■ **Caption-style text data**:
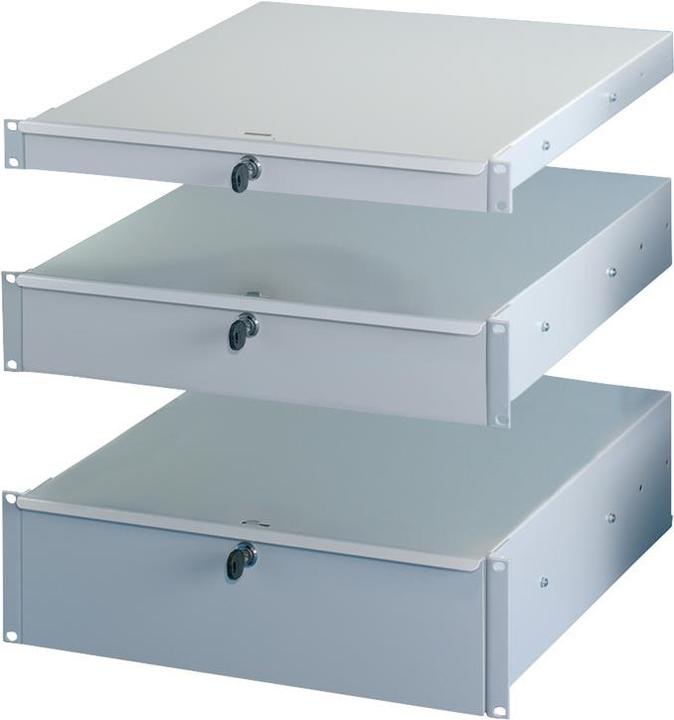 Produktbild Schroff 19 zoll-schubfach - schubfach 19 zoll 2he ral7035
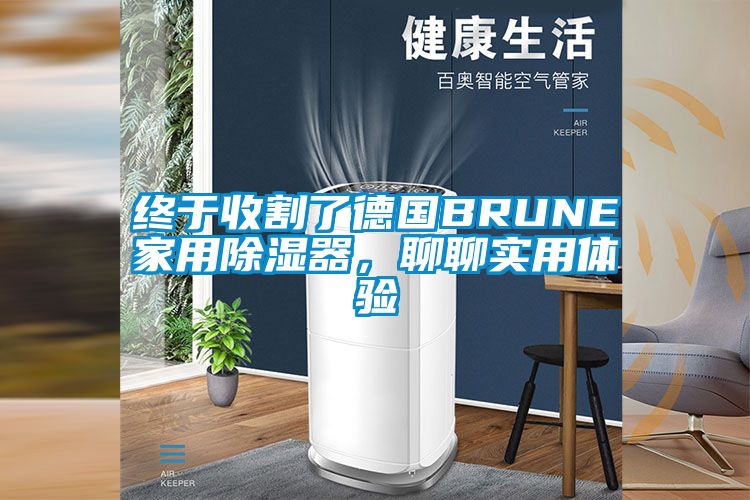 終于收割了德國BRUNE家用除濕器,聊聊實用體驗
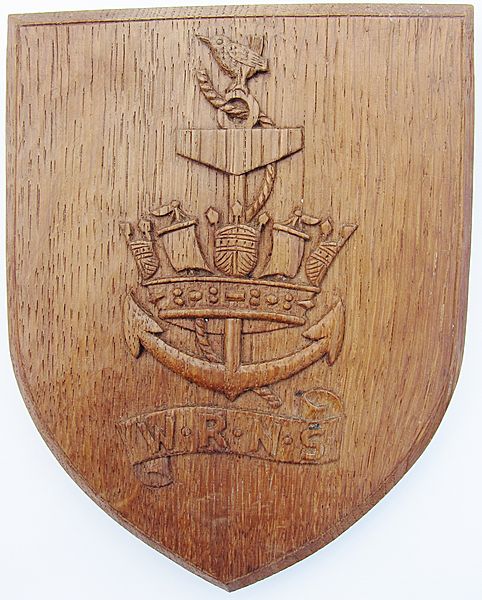 W.R.N.S.WWII Hand Carved Oak Plaque - Click for the bigger picture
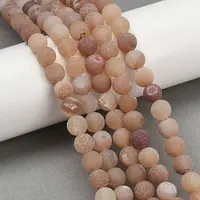 Natural Druzy Agate Beads Strands
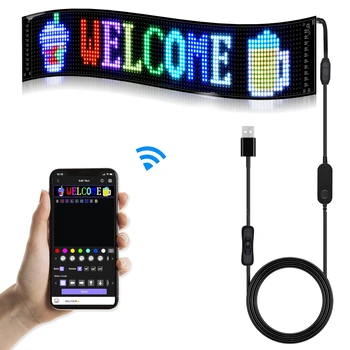 Wholesale advertising screen programmer led display panel  smartphone Bluetooth led signs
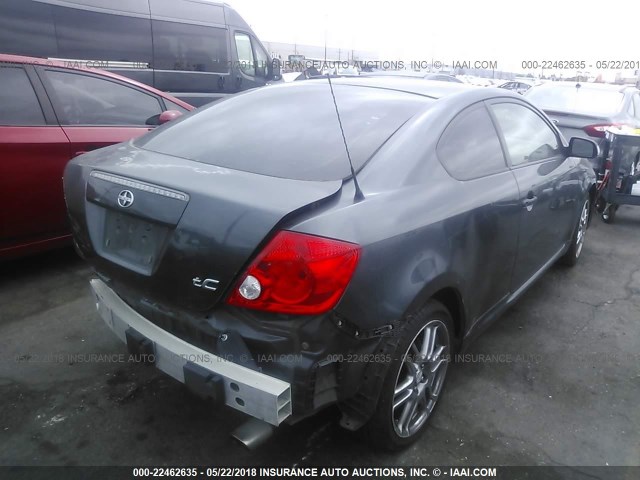 JTKDE177860075736 - 2006 TOYOTA SCION TC 灰色 照片 4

■ **REQUIREMENT**: What you print must match the entries exactly, except that no pictures appear.

■ **OUTPUT OF THE EXERCISE**:
 Produktbild Schroff 19 zoll-schubfach - schubfach 19 zoll 2he ral7035
 終于收割了德國BRUNE家用除濕器,聊聊實用體驗
 W.R.N.S.WWII Hand Carved Oak Plaque - Click for the bigger picture
 Natural Druzy Agate Beads Strands
 Wholesale advertising screen programmer led display panel  smartphone Bluetooth led signs
 JTKDE177860075736 - 2006 TOYOTA SCION TC 灰色 照片 4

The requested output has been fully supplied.